+++ RECORDS SUPPLIED +++

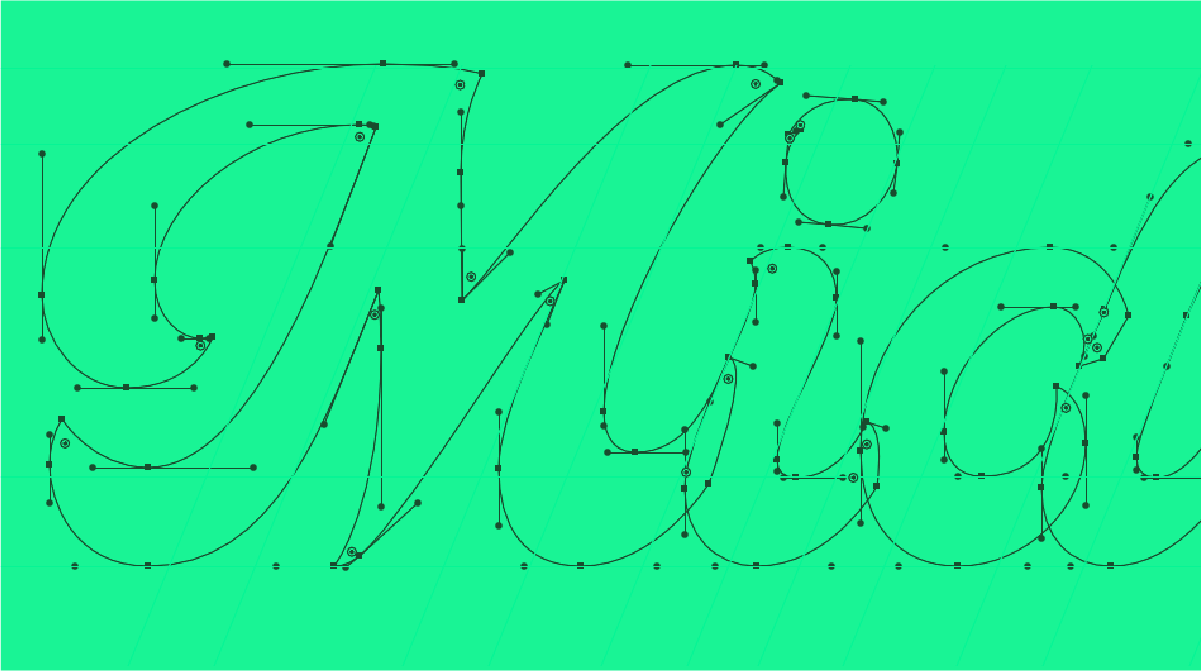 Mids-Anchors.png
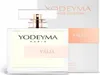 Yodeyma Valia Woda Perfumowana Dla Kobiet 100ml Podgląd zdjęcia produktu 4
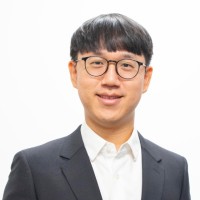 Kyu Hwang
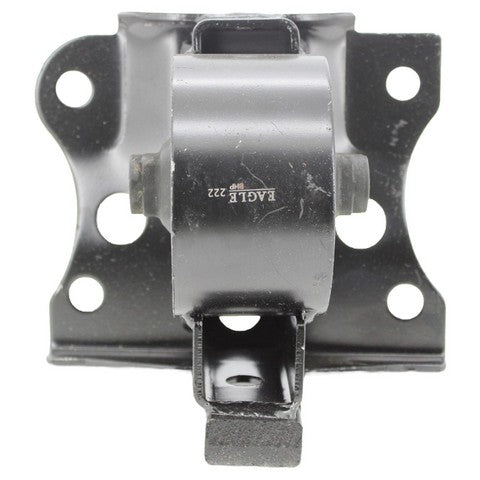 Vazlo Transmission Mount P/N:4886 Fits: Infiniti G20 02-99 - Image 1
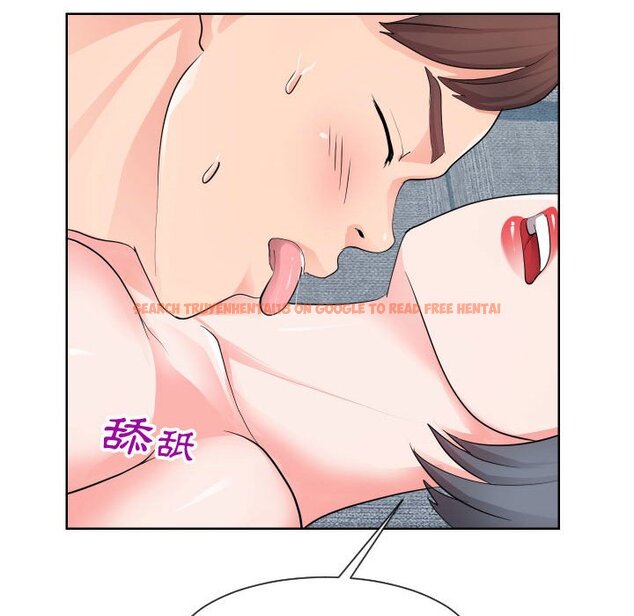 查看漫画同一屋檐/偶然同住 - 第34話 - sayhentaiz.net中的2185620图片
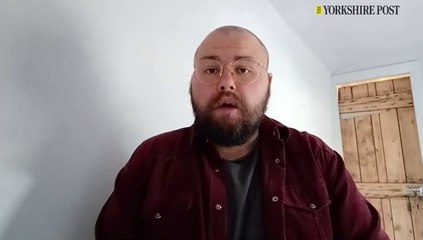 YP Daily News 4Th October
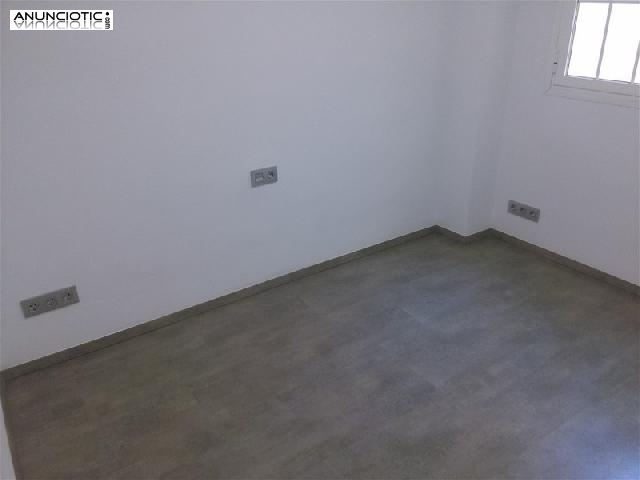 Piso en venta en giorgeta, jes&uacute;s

+++

• DIRECTIONS FOR THIS TASK:
Return only the line with "Yodeyma Valia Woda" and the lines after it up to the end of the records, exact and free of pictures.

• WORKED SOLUTION:
 Yodeyma Valia Woda Perfumowana Dla Kobiet 100ml Podgląd zdjęcia produktu 4
 Kyu Hwang
 Vazlo Transmission Mount P/N:4886 Fits: Infiniti G20 02-99 - Image 1
 查看漫画同一屋檐/偶然同住 - 第34話 - sayhentaiz.net中的2185620图片
 YP Daily News 4Th October
 Piso en venta en giorgeta, jes&uacute;s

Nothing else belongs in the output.